- [DATA]
#####

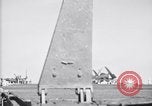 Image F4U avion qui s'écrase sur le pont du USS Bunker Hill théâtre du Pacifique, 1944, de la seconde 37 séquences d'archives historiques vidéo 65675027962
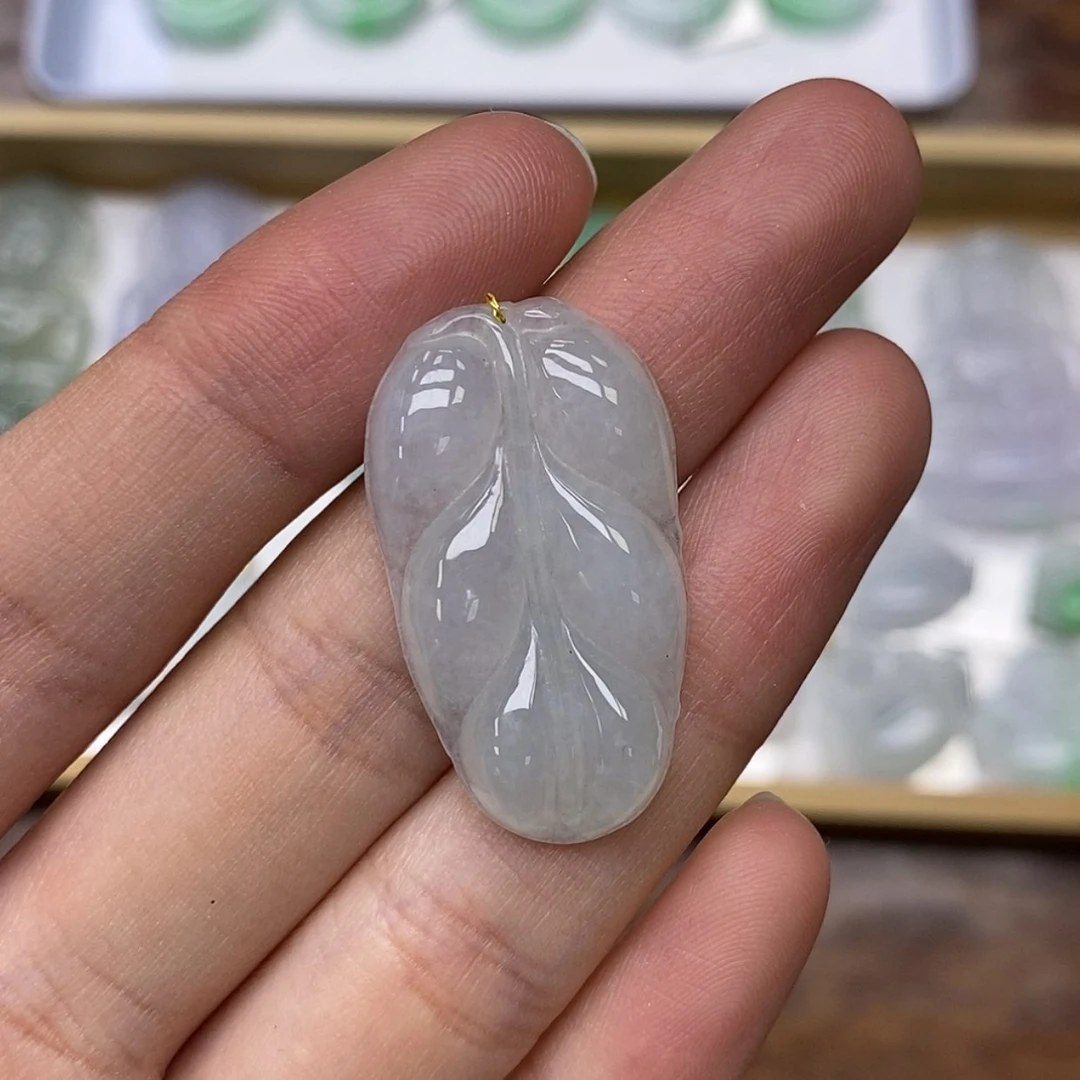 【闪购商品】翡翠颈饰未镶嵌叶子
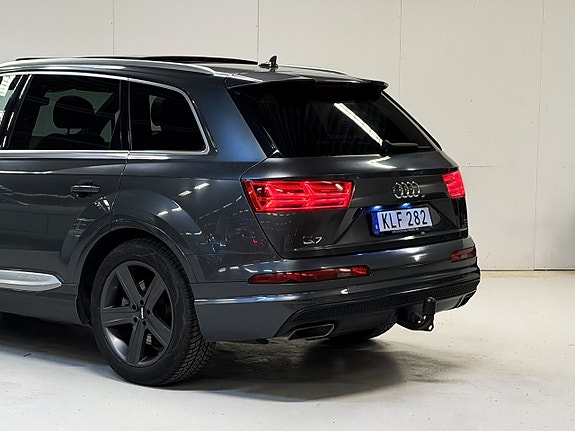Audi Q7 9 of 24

#####

- [TASK] Make a word-for-word repeat of the material, skipping all pictures.

- [RESPONSE TO THIS EXERCISE]
 Image F4U avion qui s'écrase sur le pont du USS Bunker Hill théâtre du Pacifique, 1944, de la seconde 37 séquences d'archives historiques vidéo 65675027962
 【闪购商品】翡翠颈饰未镶嵌叶子
Audi Q7 9 of 24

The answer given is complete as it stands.